The reason I ask is that it may not be too much of a problem to 'pull' flat against a frame such as a table apron. 

Anyway, you might try wetting down the concave side with hot water, a LOT of hot water, then flip the board over and add weights to the bulge of the convex side. This air movement will help shrink the upper convex side and swell the bottom concave side to flatten out the board. It should work in theory but it never worked for me. If it is an important piece of a project, I would unquestionably use a different piece and use this piece latter on down the line when you need small pieces. I learned a long time ago that trying to use something 'inferior' to save money will cost you a lot more in the long run.


----------



## Bob Willing

They will be use for the front doors of a cabinet which are 3/4" thick.


----------



## Tony B

If the cabinets were for my shop, I would give it the hot water treatment first and see what happens. If the Cabinets were for the inside of my home, I would use a different board and not take the chance.


----------



## woodnthings

*What I'd like to know is*

What kind of plywood? Doug Fir, interior/exterior, Birch or oak hardwood, from Home Depot, Lowes, Lumber yard, plywood distributer, etc. Some of the "cheap" stuff is warped and that's just the way it is. If it's not a critical piece of cabinetry, I like your idea of saw kerfs, but I'd make 3 parallel saw kerfs, just with an 1/8" of the good side, 4 1/2" apart down the length to relieve the stresses, then insert thin strips that fit in the kerfs easily without the glue, but snugly with the glue and then weight the whole piece down and see what happens. It's a simple fix if it works. Of course on the backside of the piece, and use a good glue or epoxy, let them be proud just a tad and plane and sand down flush. They will probably never show running with the grain as suggested, if done with a similiar wood. :thumbsup: bill


----------



## cabinetman

Some plywoods may have been fabricated that induces a deformity. Others may have been stored in a fashion that creates a bend. But, a 1/4" for that length isn't all that much.

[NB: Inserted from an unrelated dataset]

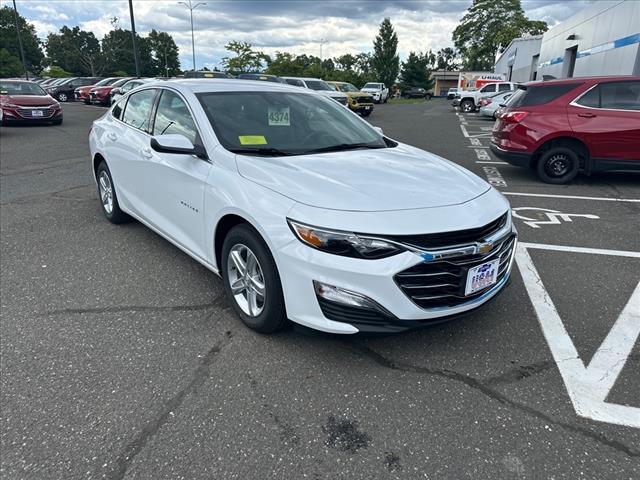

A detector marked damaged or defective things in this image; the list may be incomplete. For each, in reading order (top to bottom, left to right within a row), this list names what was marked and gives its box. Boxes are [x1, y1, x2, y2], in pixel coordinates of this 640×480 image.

You could also try just "overbending" it the other way, but do it dry. You would support the ends up and apply weights in the middle, and just try it over a period of time. 

Wetting the plywood to bend may create more problems, as the depth of penetration may not activate a "stress relief". Some conditions are more involved than just expansion and contraction of concave/convex sides.


----------



## GeorgeC

+1 for TonyB and Cabinetman.

G


----------



## Bob Willing

At the moment I am trying cabinetmans suggestion I'll see what happens. Another thought is how to prevent this in the future. When I purchased the plywood (3 sheets of birch) they all appeared true and straight it wasn't until I had cut all of the pieces that I noticed the bowing. This was over the time period of about three days. I stored all of them up right and I did not lay one on top of the other. I purchased them from Menards and not HD because I compared the quality beforehand. I also looked at the same grade at one of the local yards and it compared to Menards. In fact the veneer was thinner and the price was 20% more. I bought the grade that had the thickest veneer and best core. 

What should I look for if I purchase another sheet to do it all over again? I was thinking about using an aspen glued up pannels. I am making a cabinet for a friend who is going to just paint the cabinet when they use it rather than stain.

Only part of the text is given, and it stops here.